圧倒的な熱量と、そこはかとなく漂う男のロマンに魅せられて、むさぼるように読んだ。
生来飽きやすい性格のわたしが、山にのめり込むことになったきっかけや理由、憧れ、目標、そういった全てのものがこの本に詰まっていた。
過去に傷を持つ深町は一体何を求めて彷徨(さまよ)っているのか、ビカール・サンとは何者なのか、誰が最初にエヴェレスト登頂に成功したのか!? 早くページをめくりたい! と思わせるひとつひとつの仕掛けもさることながら、主人公のひとり・羽生がとにかく格好いい。
敢(あ)えてひとりで山に立ち向かう羽生の孤高さや、極限状態に身を置いて自らを保つ強さを見せつけられ、わたしは羽生にすっかり惚れ込んでしまった。

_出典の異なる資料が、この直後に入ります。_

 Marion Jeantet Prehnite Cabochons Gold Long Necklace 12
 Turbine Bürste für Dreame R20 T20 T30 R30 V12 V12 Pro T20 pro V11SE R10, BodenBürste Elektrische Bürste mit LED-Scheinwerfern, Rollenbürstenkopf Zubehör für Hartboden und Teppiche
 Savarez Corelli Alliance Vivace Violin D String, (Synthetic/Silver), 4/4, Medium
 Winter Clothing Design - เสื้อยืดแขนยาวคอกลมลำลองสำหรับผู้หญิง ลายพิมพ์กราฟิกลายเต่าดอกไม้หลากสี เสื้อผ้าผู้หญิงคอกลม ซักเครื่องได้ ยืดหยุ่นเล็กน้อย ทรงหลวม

全てを投げうち我が身ひとつで山と対峙することが、どれだけ孤独で尊いことか。有無を言わせぬ緊迫感に触れたら最後、次のページに何が書かれているのか気になって気になって仕方ない。ほかの何を差し置いてでも読み切りたいという気持ちになること間違いなし。
燃えるものが欲しい、生き甲斐が欲しい、というひとにはうってつけの一冊。スリルやドキドキを味わいたいひとにもお薦め。あぁ、あのラストのカタルシスを語り合いたい!

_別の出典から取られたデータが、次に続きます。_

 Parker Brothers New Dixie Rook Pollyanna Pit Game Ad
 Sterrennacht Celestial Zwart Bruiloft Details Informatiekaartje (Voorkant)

余談だが初めての雪山登山で雪・自然の厳しさを体験したことがあった。
群馬県に位置する武尊山(ほたかやま)、標高約二千百メートル級の山でのこと。登っている最中に突如吹雪き始め、稜線にテントが張れず急遽、斜面に小さな穴を掘ってビバークすることになった。ガイドさんからは「朝、入り口が塞がっていたら自力で中からでてきてくださいね」。
穴の入り口に張ったシートに吹き付ける雪の音とだんだん埋もれてゆく恐怖でほとんど一睡もできない。雪洞ビバーク初体験だった僕にとって、あれは貴重な経験だった。
プライベートも仕事も合わせると月に一度は山に登っているので、最近よく「エヴェレストに登りたい?」と聞かれる。答えはYesでありNo。山男の端くれとして、憧れはあるけれど、厳しさを知ってしまったからこそ軽々しく「登る」とは言えない。
今はまだベースキャンプからエヴェレストを見てみたい、が本音。本書の主人公、羽生の域に踏み込むのは恐れ多く、道はまだ遠い。